Why are the Dutch so tall?

Humans are growing taller around the world, but how tall could humans get in the future?

Video Transcript

- So I'm 5'8", which is quite tall for the UK but is completely average in the Netherlands. And I always wondered if I'm tall just because I'm Dutch. I got a surprising answer from Dr. Eirini Marouli.

EIRINI MAROULI: Genetics in action. Humans are actually growing taller at the record speed if you like. So they have increased quite a lot in the last two centuries. And that's a matter of fact across the globe actually.

So for males between around 160 centimeters to 117, for females, from 150 to 160. In total, we can say that the average adult today is around 5% taller than their ancestors used to be 100 years ago.
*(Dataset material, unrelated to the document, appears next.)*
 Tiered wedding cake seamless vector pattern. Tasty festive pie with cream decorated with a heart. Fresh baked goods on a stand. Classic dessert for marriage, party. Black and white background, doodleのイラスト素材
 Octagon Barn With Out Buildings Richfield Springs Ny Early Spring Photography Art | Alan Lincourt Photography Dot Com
- The incredibly steep rise in height is generally thought to be driven by better health and diet standards. But in Holland, where a 20 centimeter increase has been recorded in the last 200 years, something a little extra may be going on.
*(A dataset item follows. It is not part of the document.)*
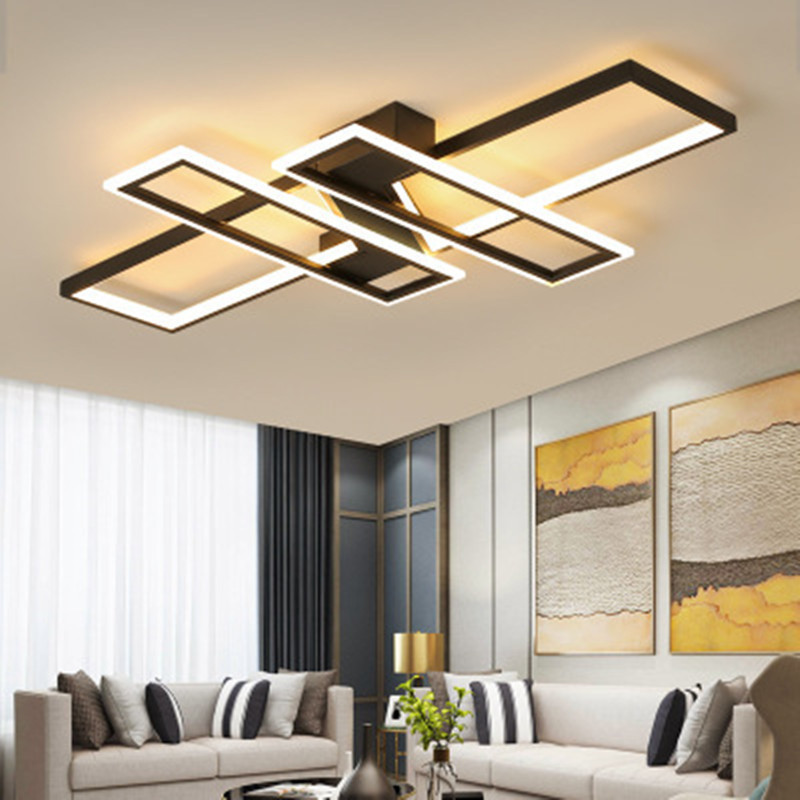 Modern Led Chandelier For Living Room Bedroom Kitchen Home Indoor Ceiling Lamp With Remote Control Rectangle Black Light Fixture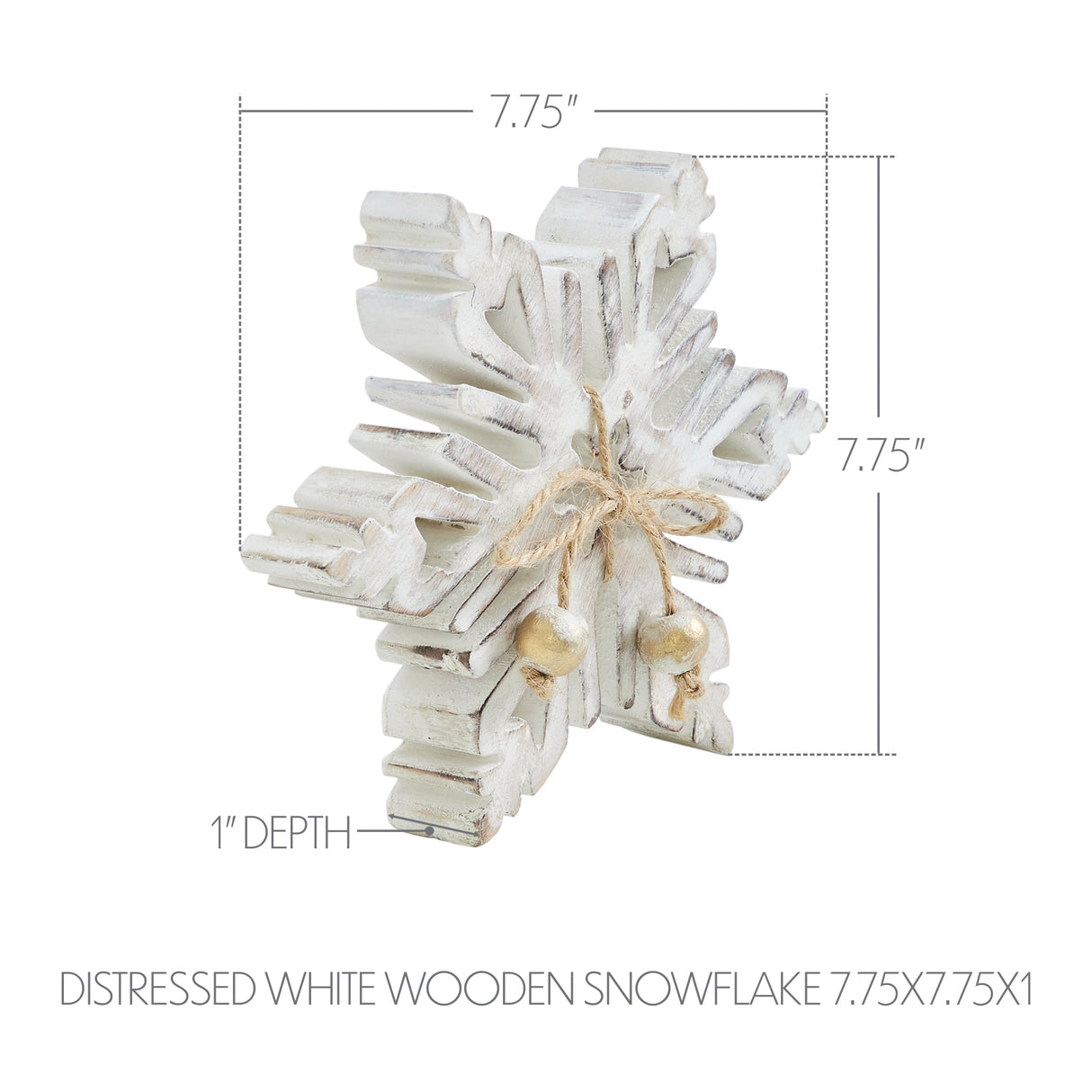 VHC Brands 2PC Distressed White Wooden Snowflake ,Small and Large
EIRINI MAROULI: That growth is a very good example of human evolution in action. An average height women had higher fertility compared to both shorter and taller women. And that taller men have higher fertility compared to the shorter men.

- Does that mean we'll keep getting taller forever?

EIRINI MAROULI: At the moment, Latvian women and Dutch men are supposed to be the tallest individuals on the planet, that they could be actually representing the limit that we could reach. The differences in average height are due to genes. And these are also different depending on the population that we are talking about, but also different also environments, lifestyle, and improvement in health and socioeconomic status. Actually, it's a combination of both. So height could have actually reached its limit. But only time can tell. And I would say it's a wait-and-see game.

- This all begs the question, why are scientists so interested in studying height in the first place?

EIRINI MAROULI: Height is a model trait for all the rest of the complex genetic traits because it's very easy to measure. So if we could master the genetics of a complex trait like height, that might give us actually the blueprint to start the other multifactorial disorders such as diabetes, heart disease, and so on. In the most recent published study from the [INAUDIBLE] consortium, we have identified a bit more than 3,000 genetic variations, genetic modifications, DNA changes that affect human height.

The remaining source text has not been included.